In an additional attempt to reaffirm the communal pleasure, Dr. Hornicker and Ms Perl tried to rationalized the reasoning behind the young girls' suicides. Dr. Hornicker thought that their suicidal propensity was helped bring forth with a chemical imbalance in the torso, thus making the identification something treatable, curable, and an individuated event. Ms. Perl, on the other hand, published in her report that the women' suicides coincides with an astrological event, thus elevating the suicide situations to the borderline of insanity and absurdity. By doing so, both Dr. Hornicker and Ms. Perl have reaffirm to the community that there surely is nothing to fret about, that it's an individual individuated event that will not highlight any social problem within the city. By making the suicides as treatable or as a statistical outlier, the risk of the suicide virus is eventually raised off and the community's guilt in their helplessness towards the suicide situations more bearable. Finally, by confining the incident totally to the Lisbons' home, both Dr. Hornicker and Ms. Perl reports reassured the community's position quo and joy.
Throughout the book, Eugenides shows that the notion of happiness within the Virgin Suicides sits more towards communal happines, one that emphasize more to the forgery of contentment through looks and behaviors somewhat than specific personal contentment.

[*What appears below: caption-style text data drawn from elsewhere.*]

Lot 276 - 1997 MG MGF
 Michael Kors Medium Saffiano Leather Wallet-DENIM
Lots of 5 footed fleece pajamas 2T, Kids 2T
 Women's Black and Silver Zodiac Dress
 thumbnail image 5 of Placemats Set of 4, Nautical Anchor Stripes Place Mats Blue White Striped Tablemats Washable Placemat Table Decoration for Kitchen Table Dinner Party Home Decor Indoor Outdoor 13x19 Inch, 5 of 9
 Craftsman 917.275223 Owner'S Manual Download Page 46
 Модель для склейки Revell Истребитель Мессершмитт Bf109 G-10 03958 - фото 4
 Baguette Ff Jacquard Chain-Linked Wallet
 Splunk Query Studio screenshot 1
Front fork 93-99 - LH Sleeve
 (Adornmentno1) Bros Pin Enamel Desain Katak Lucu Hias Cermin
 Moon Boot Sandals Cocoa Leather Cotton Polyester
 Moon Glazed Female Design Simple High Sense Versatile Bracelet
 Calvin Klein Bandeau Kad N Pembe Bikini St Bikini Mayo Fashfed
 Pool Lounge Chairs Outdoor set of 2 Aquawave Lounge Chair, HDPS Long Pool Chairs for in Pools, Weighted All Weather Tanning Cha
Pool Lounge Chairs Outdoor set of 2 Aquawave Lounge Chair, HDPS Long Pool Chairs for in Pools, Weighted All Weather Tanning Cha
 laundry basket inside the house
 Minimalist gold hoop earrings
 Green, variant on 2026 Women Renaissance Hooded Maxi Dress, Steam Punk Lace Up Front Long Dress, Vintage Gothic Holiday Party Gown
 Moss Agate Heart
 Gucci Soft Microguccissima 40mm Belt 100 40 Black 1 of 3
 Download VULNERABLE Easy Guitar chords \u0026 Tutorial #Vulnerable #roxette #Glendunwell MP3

The theme of happiness can be seen from a new perspective from both books. In Take great pride in and Prejudice, pleasure sometimes appears as the ultimate goal in a woman's societal life. Achieving a happy matrimony is the epitome of a woman's life fulfillment, and dished up as the driving a vehicle force behind the several character's actions and behaviors. WITHIN THE Virgin Suicides, however, delight is not thought as a personal feeling or accomplishment, but rather as a community's facade of plasticized happiness. Through ritual that is ordained through social standardization, a nearby community achieved its joy by following standardized convention in their everyday activities. In cases like this, to be happy is to appear normal.